Bonneville plays the viceroy as a regal yet liberal figure who represents a late interest in Indian culture now that the British have lost control of the country. But, as the country falls apart beyond the Viceroy's House's preserved order, Mountbatten's calm interest only further marks him as an outsider, and his impotent attempts at an orderly transfer only mark him as a puppet to his colleagues and the Indians alike. Mountbatten's ineffectiveness provides a potentially incisive theme on the hollow niceties of liberalism embedded in colonialism in Viceroy's House, but the film takes an odd narrative turn that makes the official himself the target of British schemes. Mountbatten's plan for a gentler, more prosperous partition is sullied from afar by Churchill's machinations, who concoct a scheme to use the future state of Pakistan as a buffer zone against the Soviet Union, according to the screenplay (by Paul Mayeda Berges, Moira Buffini, and Chada). Mountbatten and his assistants are nothing more than pawns for Lord Ismay (Michael Gambon), an imperious nobleman who disregards the viceroy's commissioned study on how to divide the country and instead draws a boundary that is most favorable to the crown.

Mountbatten is just there for Churchill to redirect the fault for the arrangement, which reorients the effect of this last blow of majestic control not around India but rather the emissary. This viably exonerates Mountbatten's hapless dogooder senses and complete newness to the topography and culture of the space he briefly manages, a long way from the film's underlying, more pointed condition of the man's benevolent neglectfulness with the haughtiness and absence that described the Raj.

The scenes with the viceroy's wife, Lady Edwina Mountbatten, are the only scenes in the film that counteract this self-negating revisionism (Gillian Anderson).
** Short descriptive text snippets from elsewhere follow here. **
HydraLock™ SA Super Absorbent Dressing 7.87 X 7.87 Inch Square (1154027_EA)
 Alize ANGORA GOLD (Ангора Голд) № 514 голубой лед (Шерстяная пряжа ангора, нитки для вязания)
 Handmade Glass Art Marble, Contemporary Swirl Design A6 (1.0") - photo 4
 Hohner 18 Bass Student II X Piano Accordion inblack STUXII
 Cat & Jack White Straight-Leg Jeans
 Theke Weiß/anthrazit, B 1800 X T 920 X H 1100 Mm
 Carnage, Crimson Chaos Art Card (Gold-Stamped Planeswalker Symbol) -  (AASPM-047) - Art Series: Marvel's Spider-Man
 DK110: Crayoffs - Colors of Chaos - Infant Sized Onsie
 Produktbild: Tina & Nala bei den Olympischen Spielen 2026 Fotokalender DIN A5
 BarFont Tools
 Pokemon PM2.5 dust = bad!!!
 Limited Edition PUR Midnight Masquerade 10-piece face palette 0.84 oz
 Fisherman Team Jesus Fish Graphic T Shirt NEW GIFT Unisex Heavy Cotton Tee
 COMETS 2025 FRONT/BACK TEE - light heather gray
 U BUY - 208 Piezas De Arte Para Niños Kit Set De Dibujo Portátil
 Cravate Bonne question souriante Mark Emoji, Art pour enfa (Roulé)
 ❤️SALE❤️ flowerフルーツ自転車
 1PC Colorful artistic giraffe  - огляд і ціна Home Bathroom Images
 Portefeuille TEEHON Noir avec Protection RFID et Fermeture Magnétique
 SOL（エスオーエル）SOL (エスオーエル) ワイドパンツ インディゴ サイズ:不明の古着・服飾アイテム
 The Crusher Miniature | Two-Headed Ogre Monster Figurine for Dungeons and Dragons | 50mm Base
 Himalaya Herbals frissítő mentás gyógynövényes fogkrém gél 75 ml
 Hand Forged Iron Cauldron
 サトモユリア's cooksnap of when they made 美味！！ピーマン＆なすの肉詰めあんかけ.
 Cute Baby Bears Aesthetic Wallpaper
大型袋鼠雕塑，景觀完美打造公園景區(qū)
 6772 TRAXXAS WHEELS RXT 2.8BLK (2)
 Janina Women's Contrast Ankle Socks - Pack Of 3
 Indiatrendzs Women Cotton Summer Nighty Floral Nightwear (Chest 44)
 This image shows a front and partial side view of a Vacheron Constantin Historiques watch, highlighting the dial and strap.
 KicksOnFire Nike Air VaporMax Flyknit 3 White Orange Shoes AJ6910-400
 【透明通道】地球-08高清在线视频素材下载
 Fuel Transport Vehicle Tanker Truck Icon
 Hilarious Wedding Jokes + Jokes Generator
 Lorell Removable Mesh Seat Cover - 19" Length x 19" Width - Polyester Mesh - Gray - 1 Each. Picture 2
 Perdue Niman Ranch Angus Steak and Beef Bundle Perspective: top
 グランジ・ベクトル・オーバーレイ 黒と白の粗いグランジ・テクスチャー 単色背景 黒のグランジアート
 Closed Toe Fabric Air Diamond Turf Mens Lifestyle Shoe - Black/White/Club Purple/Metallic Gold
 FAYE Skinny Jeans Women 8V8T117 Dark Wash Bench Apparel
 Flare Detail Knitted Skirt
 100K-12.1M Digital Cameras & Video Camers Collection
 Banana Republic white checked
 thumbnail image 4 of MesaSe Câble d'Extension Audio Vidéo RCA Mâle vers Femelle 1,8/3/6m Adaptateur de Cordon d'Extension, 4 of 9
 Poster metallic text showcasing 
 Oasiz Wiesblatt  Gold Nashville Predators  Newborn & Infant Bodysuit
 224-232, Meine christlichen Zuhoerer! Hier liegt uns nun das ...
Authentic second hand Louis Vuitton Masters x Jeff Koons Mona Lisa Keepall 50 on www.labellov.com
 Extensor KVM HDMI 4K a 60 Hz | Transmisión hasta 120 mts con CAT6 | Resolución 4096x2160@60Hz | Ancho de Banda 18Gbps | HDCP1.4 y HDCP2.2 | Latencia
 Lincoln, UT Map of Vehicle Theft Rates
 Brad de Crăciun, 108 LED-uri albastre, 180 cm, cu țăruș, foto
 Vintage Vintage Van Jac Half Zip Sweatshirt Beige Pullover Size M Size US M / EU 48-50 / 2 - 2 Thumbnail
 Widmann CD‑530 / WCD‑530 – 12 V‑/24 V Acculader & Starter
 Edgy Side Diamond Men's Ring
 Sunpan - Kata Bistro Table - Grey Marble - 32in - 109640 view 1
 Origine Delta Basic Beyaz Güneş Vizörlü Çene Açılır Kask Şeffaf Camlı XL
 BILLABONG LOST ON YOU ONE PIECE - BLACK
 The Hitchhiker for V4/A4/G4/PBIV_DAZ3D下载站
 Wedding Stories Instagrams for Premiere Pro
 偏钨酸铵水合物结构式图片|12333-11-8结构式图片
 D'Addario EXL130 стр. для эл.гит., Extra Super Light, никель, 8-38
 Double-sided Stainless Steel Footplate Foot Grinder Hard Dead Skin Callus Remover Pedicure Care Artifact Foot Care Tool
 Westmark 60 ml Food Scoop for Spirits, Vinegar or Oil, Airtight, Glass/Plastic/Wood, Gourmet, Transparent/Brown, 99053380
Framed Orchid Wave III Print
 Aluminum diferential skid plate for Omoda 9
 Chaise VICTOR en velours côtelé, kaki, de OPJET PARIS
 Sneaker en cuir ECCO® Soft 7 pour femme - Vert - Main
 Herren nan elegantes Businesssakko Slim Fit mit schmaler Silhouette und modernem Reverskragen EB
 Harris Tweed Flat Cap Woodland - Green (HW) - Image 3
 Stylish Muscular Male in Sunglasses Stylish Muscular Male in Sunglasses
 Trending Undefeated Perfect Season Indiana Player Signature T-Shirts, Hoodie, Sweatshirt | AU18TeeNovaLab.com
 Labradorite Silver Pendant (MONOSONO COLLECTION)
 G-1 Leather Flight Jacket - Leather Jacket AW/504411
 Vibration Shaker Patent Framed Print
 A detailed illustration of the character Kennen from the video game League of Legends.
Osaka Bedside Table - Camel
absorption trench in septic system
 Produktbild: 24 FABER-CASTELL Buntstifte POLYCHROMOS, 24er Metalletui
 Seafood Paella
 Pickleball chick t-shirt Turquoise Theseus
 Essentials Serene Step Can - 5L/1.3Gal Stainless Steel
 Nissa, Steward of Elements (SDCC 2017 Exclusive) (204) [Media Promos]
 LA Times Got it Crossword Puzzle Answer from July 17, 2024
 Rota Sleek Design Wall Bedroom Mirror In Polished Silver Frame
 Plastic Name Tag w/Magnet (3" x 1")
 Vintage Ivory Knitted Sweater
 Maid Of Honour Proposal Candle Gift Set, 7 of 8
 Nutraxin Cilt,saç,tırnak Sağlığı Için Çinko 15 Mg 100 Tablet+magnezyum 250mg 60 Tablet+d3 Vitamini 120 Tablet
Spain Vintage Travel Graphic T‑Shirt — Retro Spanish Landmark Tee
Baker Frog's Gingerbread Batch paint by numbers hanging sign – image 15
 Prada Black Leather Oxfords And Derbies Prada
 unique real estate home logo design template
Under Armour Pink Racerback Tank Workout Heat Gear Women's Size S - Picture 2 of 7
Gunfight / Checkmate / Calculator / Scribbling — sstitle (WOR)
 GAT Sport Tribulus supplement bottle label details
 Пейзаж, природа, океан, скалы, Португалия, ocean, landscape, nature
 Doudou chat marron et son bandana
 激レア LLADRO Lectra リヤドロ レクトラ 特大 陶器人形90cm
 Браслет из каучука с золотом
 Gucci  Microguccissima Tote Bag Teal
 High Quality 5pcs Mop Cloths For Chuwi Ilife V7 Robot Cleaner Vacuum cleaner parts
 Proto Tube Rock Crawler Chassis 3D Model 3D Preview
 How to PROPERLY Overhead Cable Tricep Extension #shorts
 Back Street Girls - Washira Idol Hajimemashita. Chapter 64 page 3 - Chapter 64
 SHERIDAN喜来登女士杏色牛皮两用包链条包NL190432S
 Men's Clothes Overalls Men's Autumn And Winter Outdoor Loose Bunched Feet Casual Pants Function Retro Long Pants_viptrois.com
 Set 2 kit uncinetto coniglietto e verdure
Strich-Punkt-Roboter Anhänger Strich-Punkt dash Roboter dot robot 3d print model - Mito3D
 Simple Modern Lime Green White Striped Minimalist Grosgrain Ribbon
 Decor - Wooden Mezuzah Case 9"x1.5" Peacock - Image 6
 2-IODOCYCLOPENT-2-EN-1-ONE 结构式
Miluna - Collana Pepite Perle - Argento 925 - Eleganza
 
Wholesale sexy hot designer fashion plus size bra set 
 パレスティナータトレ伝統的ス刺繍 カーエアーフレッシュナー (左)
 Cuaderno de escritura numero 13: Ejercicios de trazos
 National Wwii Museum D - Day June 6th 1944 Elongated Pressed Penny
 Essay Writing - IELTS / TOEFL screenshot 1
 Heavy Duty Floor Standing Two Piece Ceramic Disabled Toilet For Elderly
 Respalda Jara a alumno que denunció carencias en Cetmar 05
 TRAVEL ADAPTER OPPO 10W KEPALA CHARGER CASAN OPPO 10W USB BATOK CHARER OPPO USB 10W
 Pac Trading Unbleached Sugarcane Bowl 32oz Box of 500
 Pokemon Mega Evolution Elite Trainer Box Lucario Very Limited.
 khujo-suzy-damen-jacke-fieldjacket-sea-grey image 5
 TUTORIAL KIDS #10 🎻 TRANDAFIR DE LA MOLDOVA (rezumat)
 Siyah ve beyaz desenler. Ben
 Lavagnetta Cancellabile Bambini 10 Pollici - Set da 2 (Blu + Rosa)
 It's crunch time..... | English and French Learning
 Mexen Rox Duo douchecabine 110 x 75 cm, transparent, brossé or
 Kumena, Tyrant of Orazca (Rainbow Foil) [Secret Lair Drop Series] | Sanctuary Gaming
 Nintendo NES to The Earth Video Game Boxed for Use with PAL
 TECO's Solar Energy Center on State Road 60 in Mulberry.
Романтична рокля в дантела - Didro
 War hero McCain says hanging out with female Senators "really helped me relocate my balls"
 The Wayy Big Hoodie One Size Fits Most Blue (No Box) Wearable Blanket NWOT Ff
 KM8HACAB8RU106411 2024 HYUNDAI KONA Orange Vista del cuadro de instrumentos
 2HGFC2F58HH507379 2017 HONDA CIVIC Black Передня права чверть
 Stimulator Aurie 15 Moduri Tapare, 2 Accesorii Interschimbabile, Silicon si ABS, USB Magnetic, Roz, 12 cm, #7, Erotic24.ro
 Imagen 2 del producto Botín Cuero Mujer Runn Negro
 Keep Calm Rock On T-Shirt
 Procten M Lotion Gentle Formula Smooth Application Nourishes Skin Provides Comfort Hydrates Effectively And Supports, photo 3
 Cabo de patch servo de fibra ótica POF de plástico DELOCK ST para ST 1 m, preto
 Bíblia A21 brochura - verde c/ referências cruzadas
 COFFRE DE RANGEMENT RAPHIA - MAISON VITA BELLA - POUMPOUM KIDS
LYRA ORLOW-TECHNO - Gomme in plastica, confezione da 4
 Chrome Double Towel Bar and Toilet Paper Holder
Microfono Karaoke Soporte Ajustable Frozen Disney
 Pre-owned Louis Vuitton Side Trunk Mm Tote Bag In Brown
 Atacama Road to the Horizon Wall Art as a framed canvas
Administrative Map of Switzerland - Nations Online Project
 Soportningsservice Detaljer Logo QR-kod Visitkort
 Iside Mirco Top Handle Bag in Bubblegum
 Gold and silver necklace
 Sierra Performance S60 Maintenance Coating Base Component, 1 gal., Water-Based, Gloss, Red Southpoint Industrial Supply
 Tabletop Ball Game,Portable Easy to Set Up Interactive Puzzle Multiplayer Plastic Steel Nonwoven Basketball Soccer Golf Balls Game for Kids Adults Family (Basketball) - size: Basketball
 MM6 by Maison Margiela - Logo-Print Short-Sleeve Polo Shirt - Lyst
Edwina exaggerates her husband's liberal impulses, greeting the viceroy with patronizing smiles and orders to introduce more Indian culture into the mansion and invite more native visitors to official events, and she even fires an overseer on the spot for blatant racism. The servants see this change as an order, while Edwina sees it as a show of gratitude, and the film's best scenes pit Edwina's adamant liberalism against their private grievances.

When she orders the head cook, for example, to make more Indian dishes, he can only grumble about having spent his whole life being taught to cook Western cuisine only to be ordered to make something else. Anderson portrays Edwina as earnest and intelligent but also capable of making a fool of herself, with the vicereine's practiced countenance and bearing only adding to the absurdity of her plan to visit the "real" India from behind the house's walls. Edwina, who is more excited than her husband to get her hands dirty and meet the people, provides the film's most informative glimpse of the limits of change and respect in a society where one country can control the policies and even borders of another.

The truth of the segment is coercively smashed home towards the finish of the film undoubtedly and it merits advising ourselves that by the demonstration of Partition exactly fourteen huge number of men, ladies and youngsters were made evacuees, on 'some unacceptable' side of the boundary and that somewhere close to half and 2,000,000 individuals passed on of starvation, weariness, illness and battling, and that pyro-crime, assault, murder and plundering among as of now destitution stricken people groups caused wretchedness of a large number more. The producer, Gurinder Chadha, is said to have lost family members during the partition as we see at the end of the film [1-5].

Conclusion

Today, we all know about India's struggle during the partition, and no words can adequately describe it. All we can do is remember the brave martyr and pay tribute to them with what we have and our best efforts. And this movie serves the purpose transparently, as we witness the anguish of people being separated from their families, homes, and, above all, their countries. Many films and books depict the unforgettable 1947 split, but "The Viceroy's House" has an aura that conveys the genuine tale of the partition and how people tried to break their own country by obeying an outsider.